━━━ Records to use ━━━

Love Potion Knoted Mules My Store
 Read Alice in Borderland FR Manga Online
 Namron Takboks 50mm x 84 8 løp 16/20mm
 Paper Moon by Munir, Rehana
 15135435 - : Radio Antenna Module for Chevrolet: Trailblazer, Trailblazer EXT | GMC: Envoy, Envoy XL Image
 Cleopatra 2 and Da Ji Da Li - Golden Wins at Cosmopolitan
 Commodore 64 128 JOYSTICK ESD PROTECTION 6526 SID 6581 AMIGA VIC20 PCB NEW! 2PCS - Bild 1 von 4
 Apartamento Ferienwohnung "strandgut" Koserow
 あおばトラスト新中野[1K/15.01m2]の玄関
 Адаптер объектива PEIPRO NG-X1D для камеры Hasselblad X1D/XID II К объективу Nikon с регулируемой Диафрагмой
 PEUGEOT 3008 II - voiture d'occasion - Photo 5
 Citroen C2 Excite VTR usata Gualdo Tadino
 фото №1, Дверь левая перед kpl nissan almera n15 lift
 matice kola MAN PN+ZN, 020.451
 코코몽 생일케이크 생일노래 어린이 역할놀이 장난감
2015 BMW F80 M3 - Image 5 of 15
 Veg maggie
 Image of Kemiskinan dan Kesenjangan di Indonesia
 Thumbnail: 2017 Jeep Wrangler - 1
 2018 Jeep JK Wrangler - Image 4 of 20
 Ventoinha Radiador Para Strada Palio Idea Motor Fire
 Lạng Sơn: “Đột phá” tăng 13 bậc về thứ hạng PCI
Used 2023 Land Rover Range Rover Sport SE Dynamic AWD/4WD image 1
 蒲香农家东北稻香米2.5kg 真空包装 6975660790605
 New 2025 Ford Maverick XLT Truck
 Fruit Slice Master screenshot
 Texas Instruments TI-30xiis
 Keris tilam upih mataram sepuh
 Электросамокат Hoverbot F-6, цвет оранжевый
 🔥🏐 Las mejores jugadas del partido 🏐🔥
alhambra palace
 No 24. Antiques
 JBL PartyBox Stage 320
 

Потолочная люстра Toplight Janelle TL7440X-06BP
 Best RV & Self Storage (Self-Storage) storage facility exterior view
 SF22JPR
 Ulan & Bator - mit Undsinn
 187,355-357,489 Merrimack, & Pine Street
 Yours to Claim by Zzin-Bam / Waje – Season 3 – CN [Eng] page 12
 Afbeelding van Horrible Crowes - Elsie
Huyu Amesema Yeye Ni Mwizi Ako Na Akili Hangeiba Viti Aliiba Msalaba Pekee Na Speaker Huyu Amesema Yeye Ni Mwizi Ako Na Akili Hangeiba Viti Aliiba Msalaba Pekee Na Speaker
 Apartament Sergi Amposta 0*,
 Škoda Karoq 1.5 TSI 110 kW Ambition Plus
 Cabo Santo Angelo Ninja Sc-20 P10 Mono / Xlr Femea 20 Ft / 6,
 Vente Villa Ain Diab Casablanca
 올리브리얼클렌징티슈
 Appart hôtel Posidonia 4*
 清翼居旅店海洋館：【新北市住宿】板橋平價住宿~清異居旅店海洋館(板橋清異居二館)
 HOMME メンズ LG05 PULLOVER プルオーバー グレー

━━━

## What you have to do
Here the job is to transcribe the lines from the first line of the data through the line containing "Cabo Santo Angelo", inclusive, exactly and with nothing else.

## Response area
Love Potion Knoted Mules My Store
 Read Alice in Borderland FR Manga Online
 Namron Takboks 50mm x 84 8 løp 16/20mm
 Paper Moon by Munir, Rehana
 15135435 - : Radio Antenna Module for Chevrolet: Trailblazer, Trailblazer EXT | GMC: Envoy, Envoy XL Image
 Cleopatra 2 and Da Ji Da Li - Golden Wins at Cosmopolitan
 Commodore 64 128 JOYSTICK ESD PROTECTION 6526 SID 6581 AMIGA VIC20 PCB NEW! 2PCS - Bild 1 von 4
 Apartamento Ferienwohnung "strandgut" Koserow
 あおばトラスト新中野[1K/15.01m2]の玄関
 Адаптер объектива PEIPRO NG-X1D для камеры Hasselblad X1D/XID II К объективу Nikon с регулируемой Диафрагмой
 PEUGEOT 3008 II - voiture d'occasion - Photo 5
 Citroen C2 Excite VTR usata Gualdo Tadino
 фото №1, Дверь левая перед kpl nissan almera n15 lift
 matice kola MAN PN+ZN, 020.451
 코코몽 생일케이크 생일노래 어린이 역할놀이 장난감
2015 BMW F80 M3 - Image 5 of 15
 Veg maggie
 Image of Kemiskinan dan Kesenjangan di Indonesia
 Thumbnail: 2017 Jeep Wrangler - 1
 2018 Jeep JK Wrangler - Image 4 of 20
 Ventoinha Radiador Para Strada Palio Idea Motor Fire
 Lạng Sơn: “Đột phá” tăng 13 bậc về thứ hạng PCI
Used 2023 Land Rover Range Rover Sport SE Dynamic AWD/4WD image 1
 蒲香农家东北稻香米2.5kg 真空包装 6975660790605
 New 2025 Ford Maverick XLT Truck
 Fruit Slice Master screenshot
 Texas Instruments TI-30xiis
 Keris tilam upih mataram sepuh
 Электросамокат Hoverbot F-6, цвет оранжевый
 🔥🏐 Las mejores jugadas del partido 🏐🔥
alhambra palace
 No 24. Antiques
 JBL PartyBox Stage 320
 

Потолочная люстра Toplight Janelle TL7440X-06BP
 Best RV & Self Storage (Self-Storage) storage facility exterior view
 SF22JPR
 Ulan & Bator - mit Undsinn
 187,355-357,489 Merrimack, & Pine Street
 Yours to Claim by Zzin-Bam / Waje – Season 3 – CN [Eng] page 12
 Afbeelding van Horrible Crowes - Elsie
Huyu Amesema Yeye Ni Mwizi Ako Na Akili Hangeiba Viti Aliiba Msalaba Pekee Na Speaker Huyu Amesema Yeye Ni Mwizi Ako Na Akili Hangeiba Viti Aliiba Msalaba Pekee Na Speaker
 Apartament Sergi Amposta 0*,
 Škoda Karoq 1.5 TSI 110 kW Ambition Plus
 Cabo Santo Angelo Ninja Sc-20 P10 Mono / Xlr Femea 20 Ft / 6,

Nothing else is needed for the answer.